José Ignacio Bergoglio, sobrino del Papa Francisco, compartió detalles sobre su relación familiar con el Pontífice en una entrevista. Hijo de María Elena, la única hermana con vida de Jorge Mario Bergoglio, José Ignacio tiene 42 años, trabaja en la ANSES y es padre de una bebé de siete meses.
Desde que su tío fue elegido Papa en 2013, José Ignacio asumió un rol de vocero familiar, dada la reticencia de otros parientes a hablar con la prensa y para preservar la salud de su madre, quien reside en una institución religiosa en la provincia de Buenos Aires. «Nadie de la familia estaba preparado para lo que pasó», afirmó.

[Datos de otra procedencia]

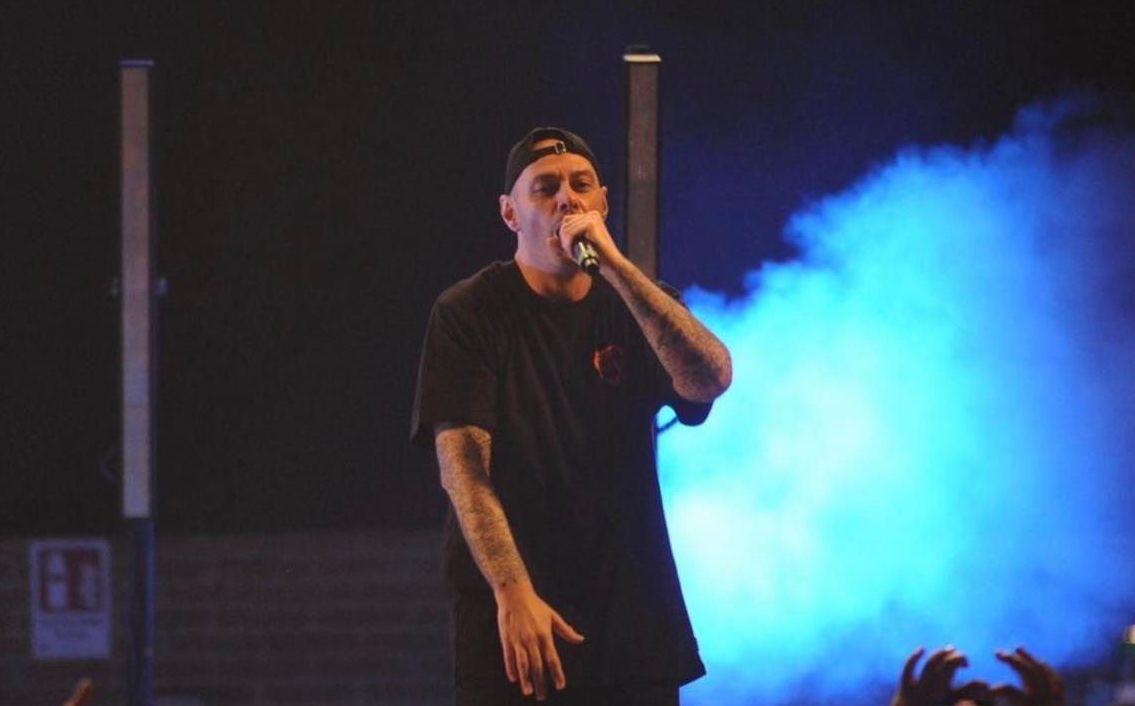 Immagine per Fabri Fibra fa tappa a Grado, rapper protagonista al Parco delle rose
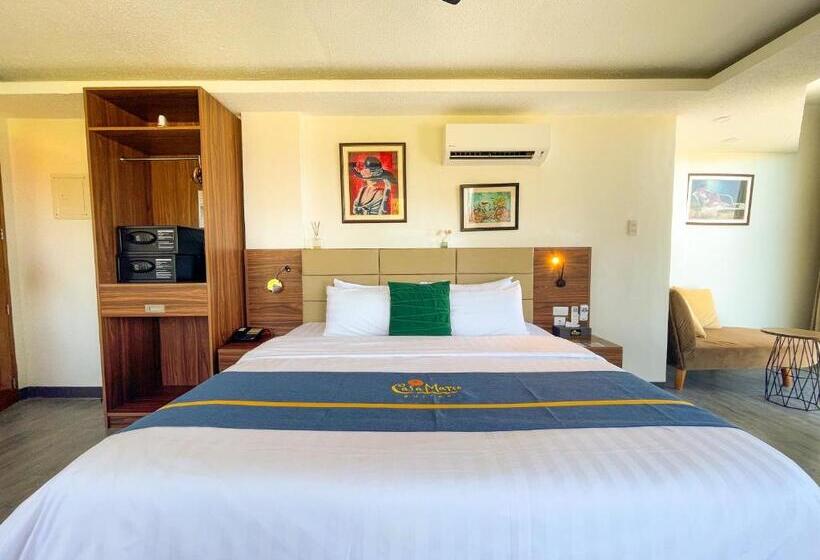 سوئیت با بالکن, Casa Marco Suites Puerto Galera Powered By Cocotel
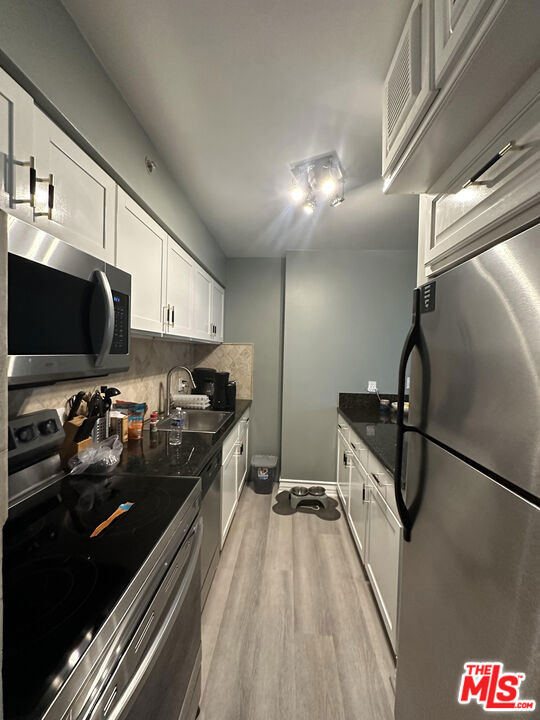201 Ocean Avenue - Photo 4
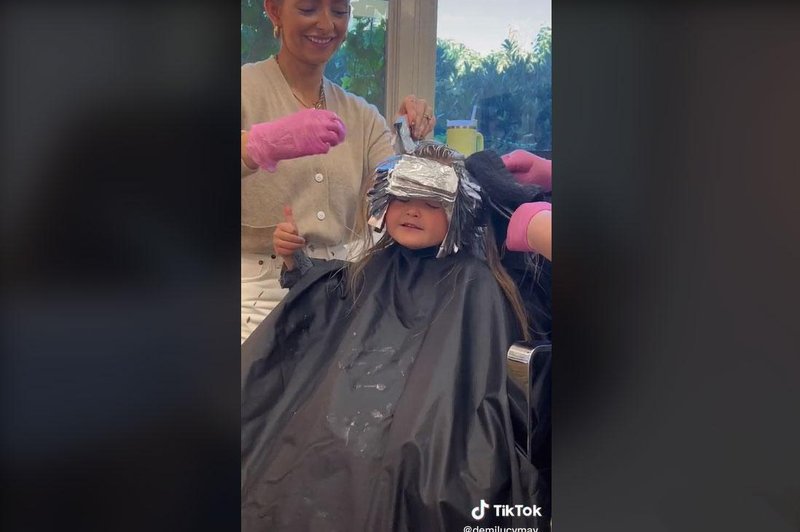 Mama je petletni punčki dovolila barvanje las in sprožila burno razpravo. Kaj pa bi vi rekli na to? (VIDEO) (foto: Posnetek zaslona | TikTok demilucymay_)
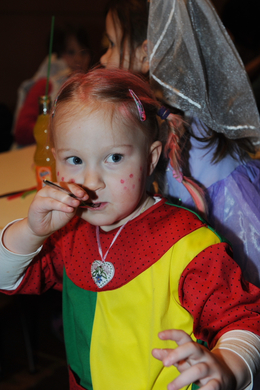 KinderfaschingMaeder036.JPG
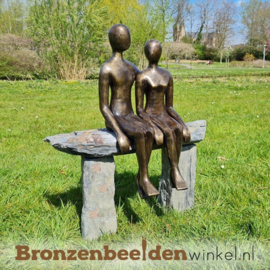 Liefde tuinbeeld "Aan elkaars Zijde" op natuursteen bankje BBW001br21XL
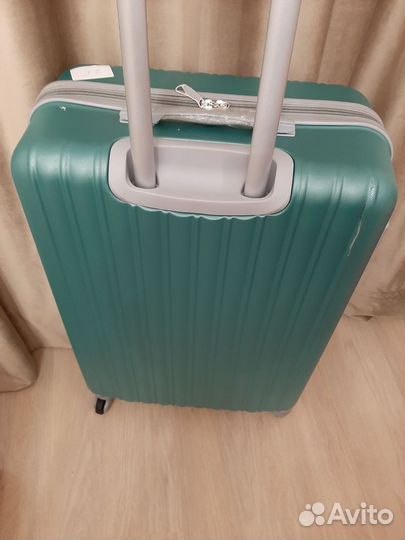 Чемодан на колесах большой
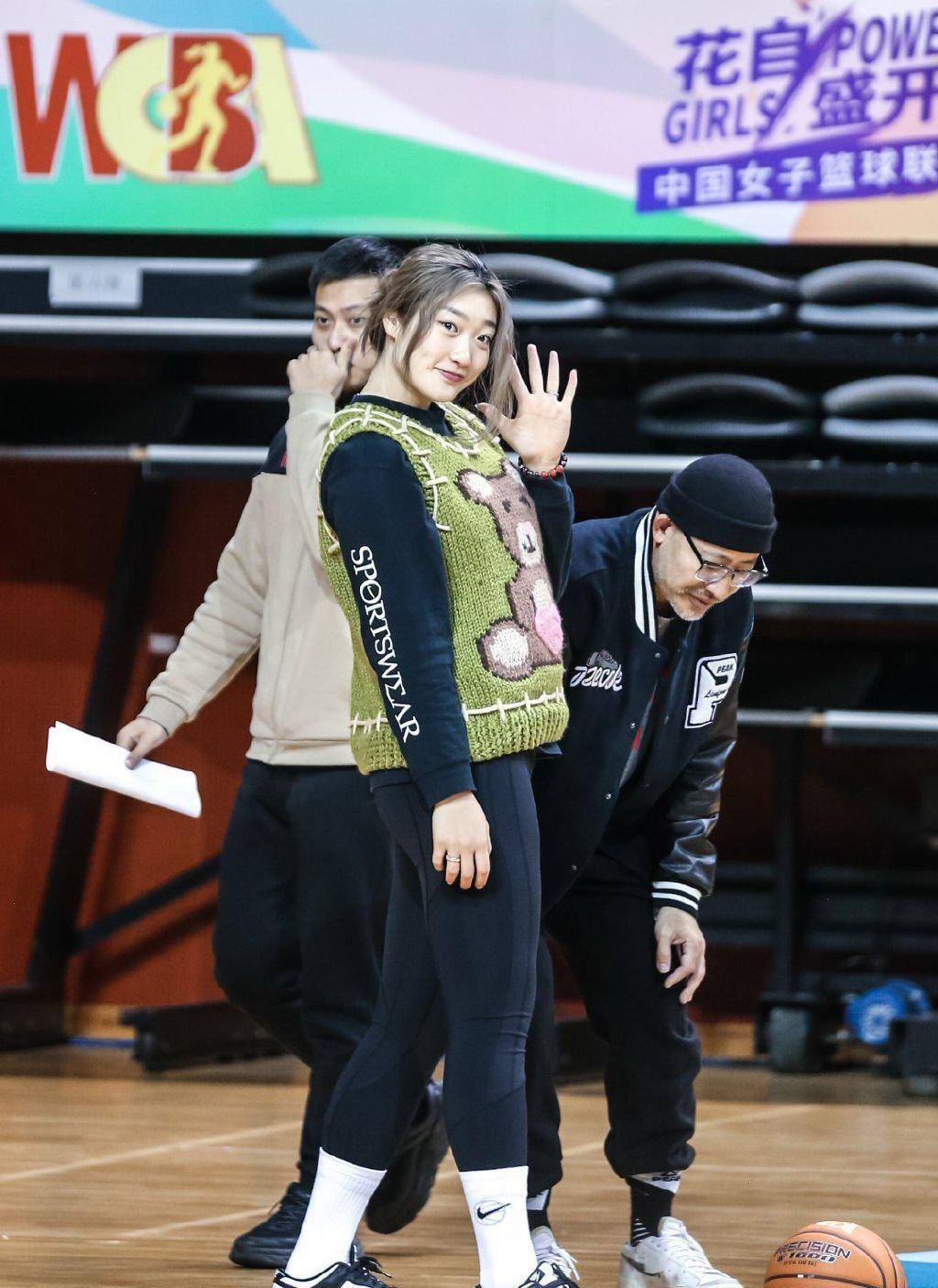 而李梦要是时尚起来,就更是别有一番气质,她这样的身高加上柔和的身体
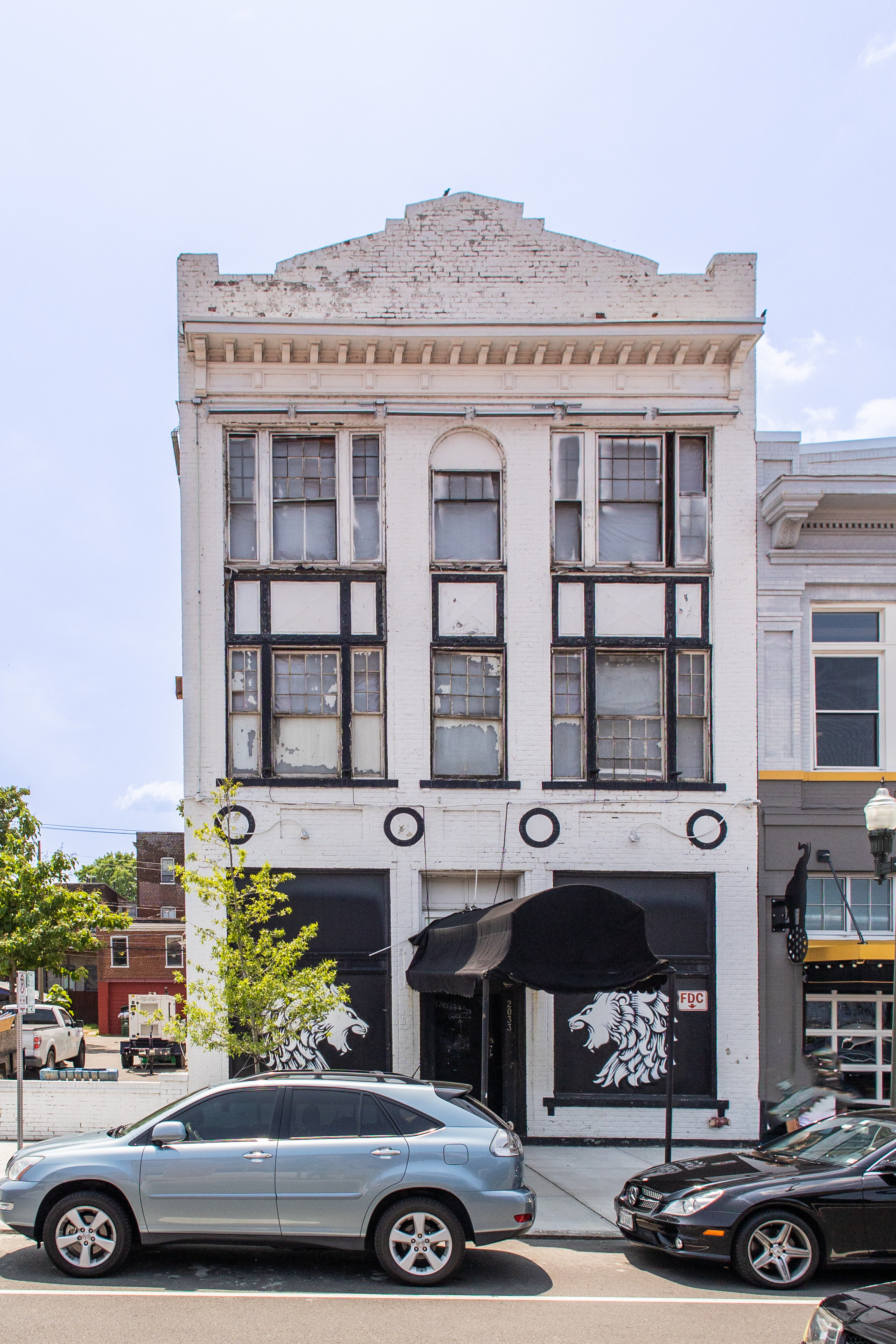2033 W Broad St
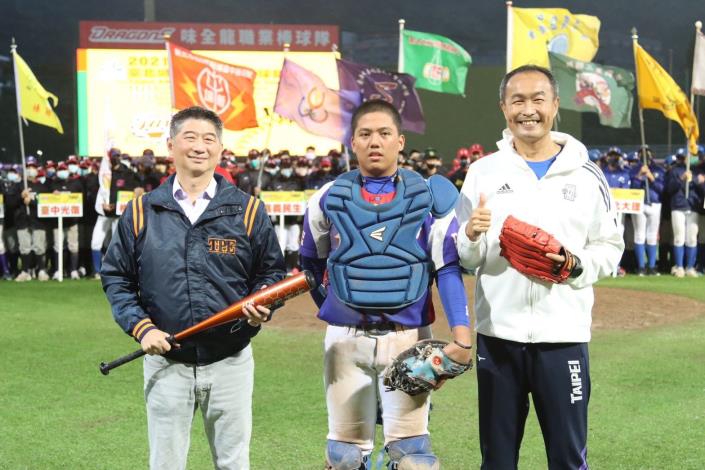 2021臺北城市盃青少年棒球錦標賽-左起 臺北市體育總會棒球協會 陳炳甫理事長、大理高中國中部棒球隊捕手、體育局李再立局長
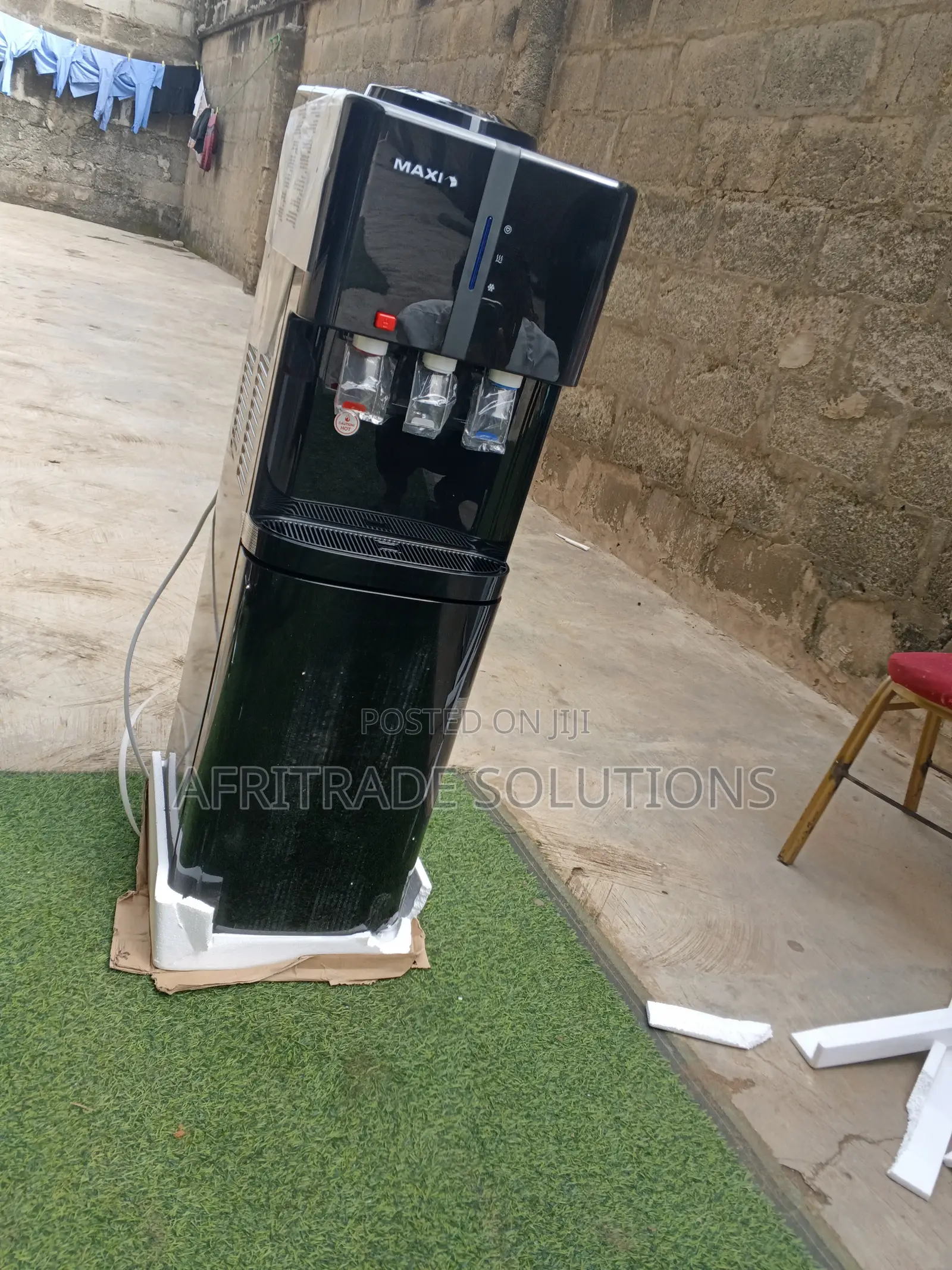 Maxi Yl2382s-B Cold Room Temp Water Dispenser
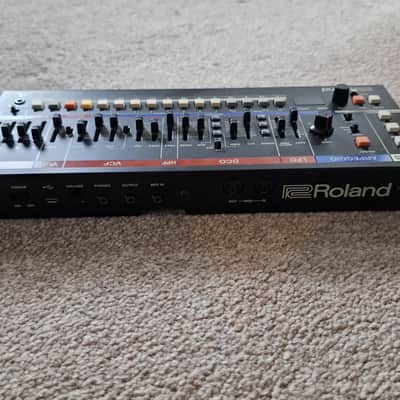 Roland JU-06A Boutique Series Synthesizer Module 2019 - Present - Black image 4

Recordó que, a pesar de la intensa labor pastoral y social del entonces cardenal Bergoglio, este siempre mantuvo contacto cercano con la familia. «Era muy presente con nosotros», señaló, mencionando las reuniones en Navidad y las llamadas telefónicas dominicales. Describió a su tío como una figura protectora y una influencia paterna significativa en su vida.
José Ignacio también relató el momento en que decidió adoptar legalmente el apellido Bergoglio, un deseo que conversó con su tío antes de que este fuera Papa y que recibió su apoyo. «Soy la persona que soy gracias a los Bergoglio», expresó.
Sobre el día de la elección papal, contó la emoción familiar al escuchar el anuncio y la primera llamada desde Roma, donde el recién elegido Francisco lo saludó con un espontáneo «Soy Jorge, boludo», en un gesto que definió como «bien argentino». En el trato personal, dijo, siempre lo llamó «Jorge» o «tío».